[Opening Data provided section]

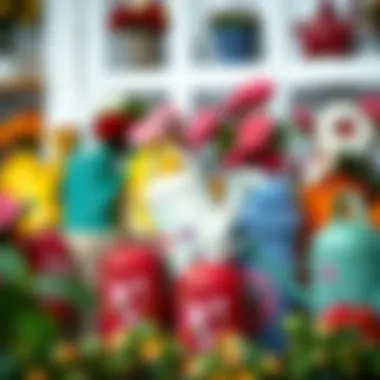 Colorful collection of decorative watering cans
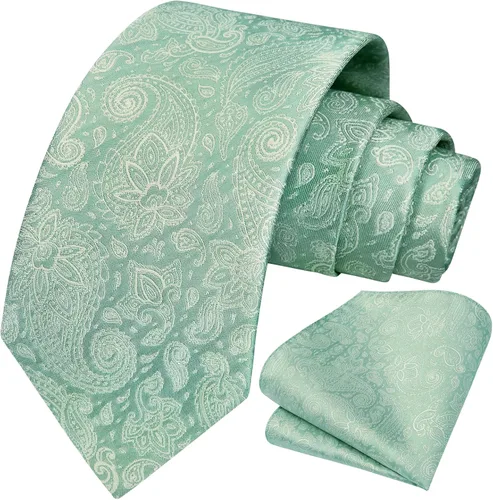 Vista 111 de HISDERN Corbatas para hombre, corbata de cachemira y bolsillo cuadrado tejido clásico floral para hombre, corbata de fiesta de boda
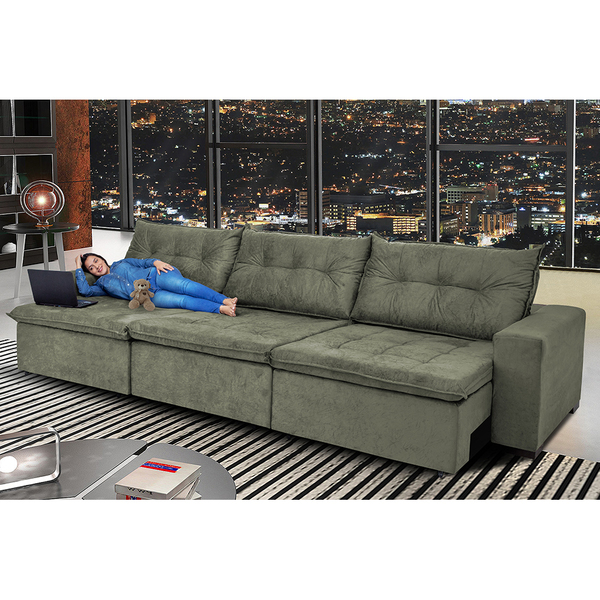 Sofá Austrália 4,12 Mts Retrátil, Reclinável Com Molas E Pill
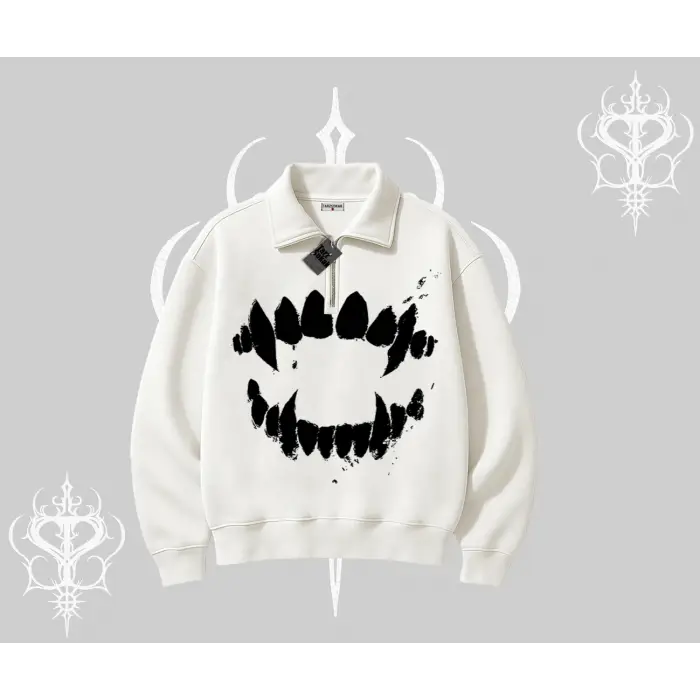 Beyaz Yarım Fermuarlı Sweatshirt Vampir Dış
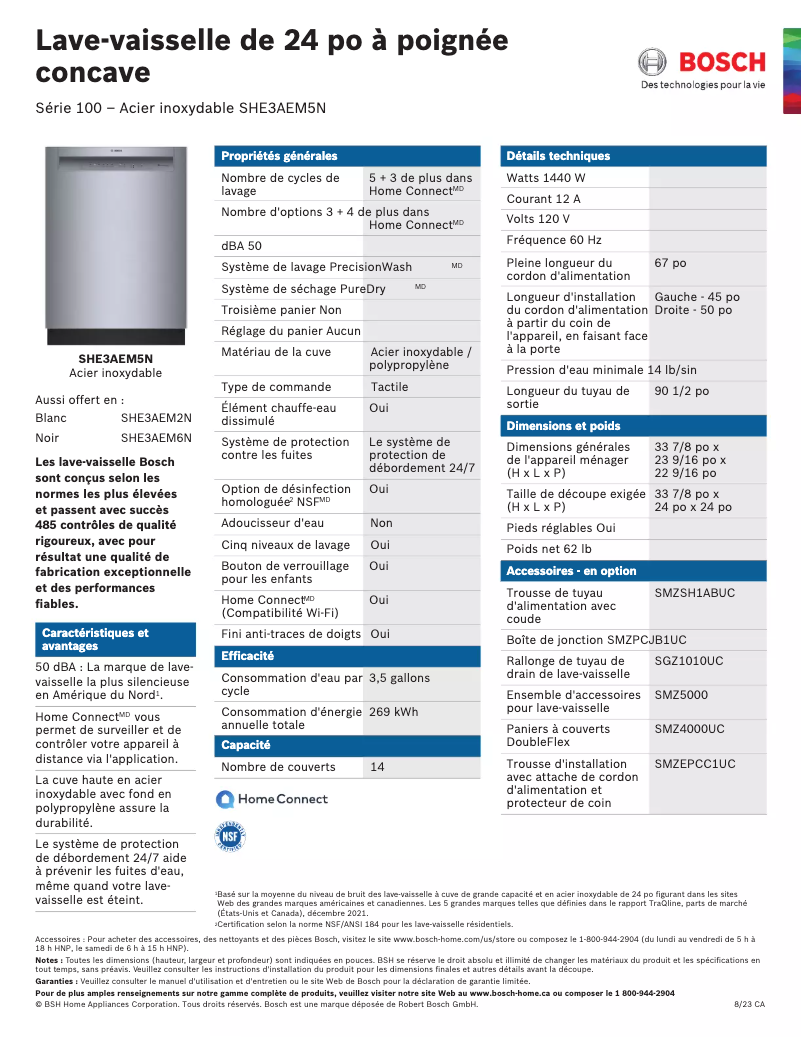 Página 1 del manual Ficha técnica Bosch SHE3AEM5N
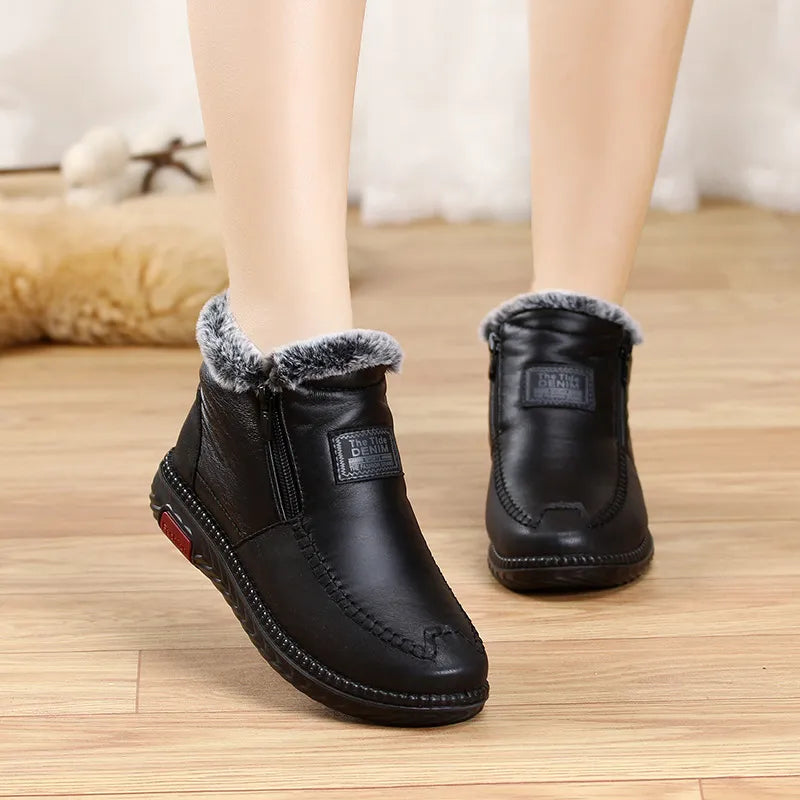 Harper | Refined Waterproof Boots with Fur-Trim Ankle Cuff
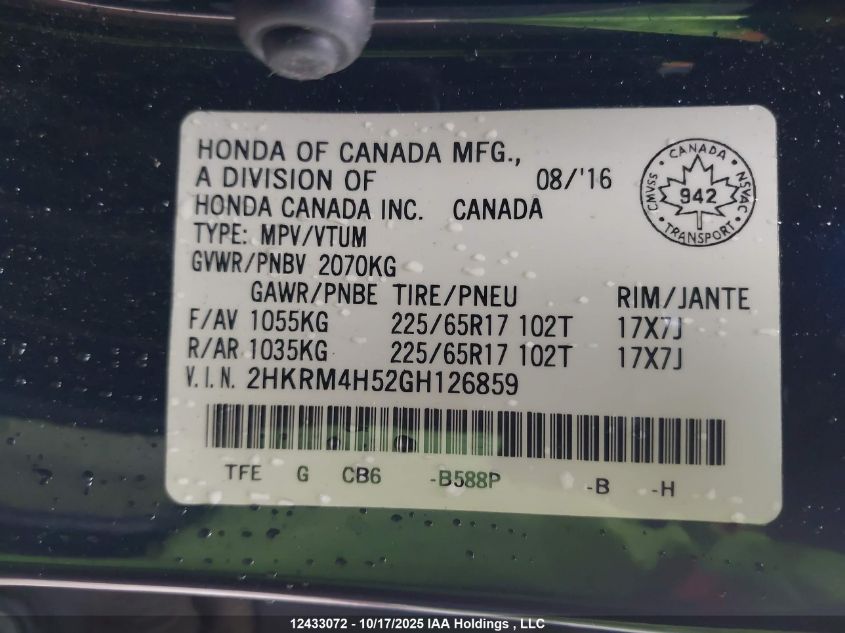 2016 Honda Cr-V Ex VIN: 2HKRM4H52GH126859 Lot: 12433072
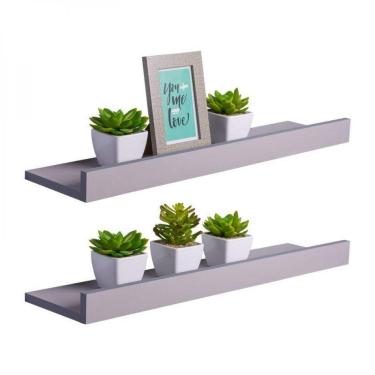 Imagem de Kit 2 Prateleiras Porta Quadros 100 X 10cm Cinza Claro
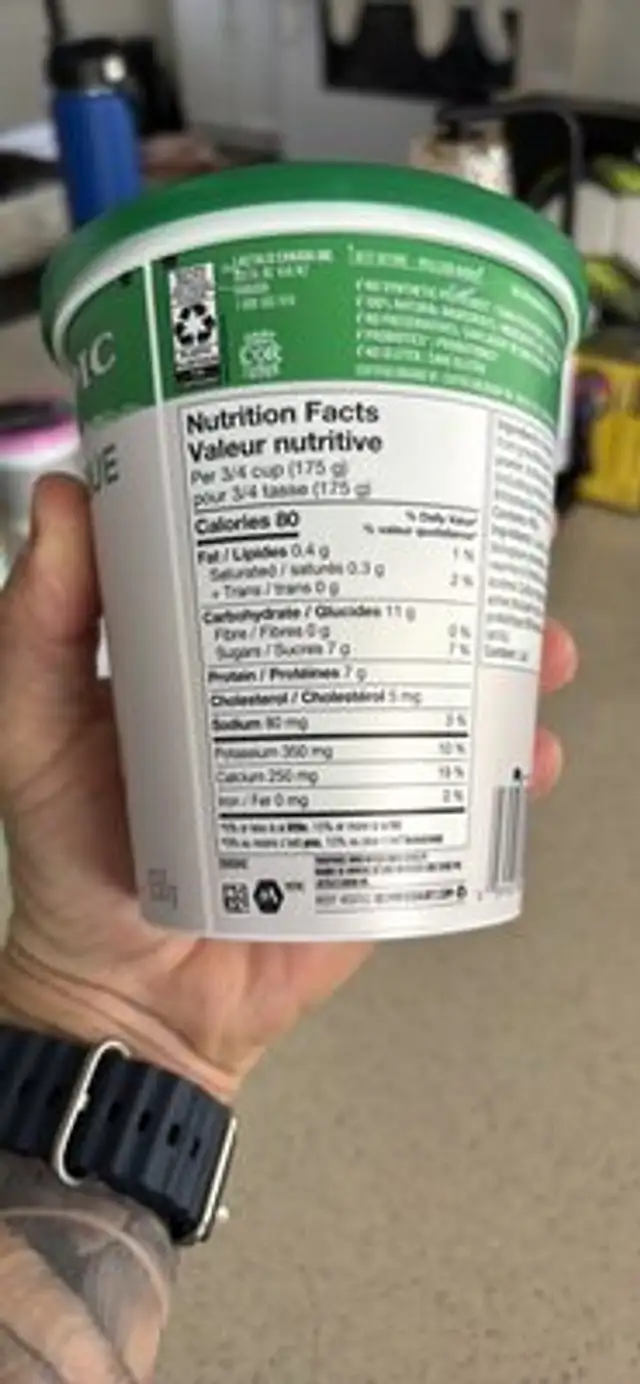 Plain Yogurt nutrition facts table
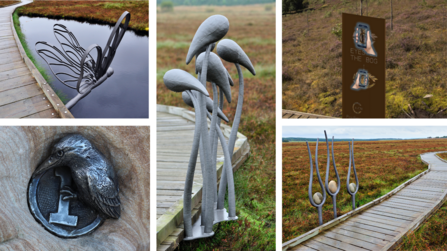 Examples of artistic engagement in peatlands including metal sculptures along boardwalks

[Closing Data provided section]

- [Problem description] Transcribe, word for word, the line holding "2016 Honda Cr-V" and all lines after it in the entries above, ending with the last. Only those lines; no pictures.

- [Task result]
 2016 Honda Cr-V Ex VIN: 2HKRM4H52GH126859 Lot: 12433072
 Imagem de Kit 2 Prateleiras Porta Quadros 100 X 10cm Cinza Claro
 Plain Yogurt nutrition facts table
 Examples of artistic engagement in peatlands including metal sculptures along boardwalks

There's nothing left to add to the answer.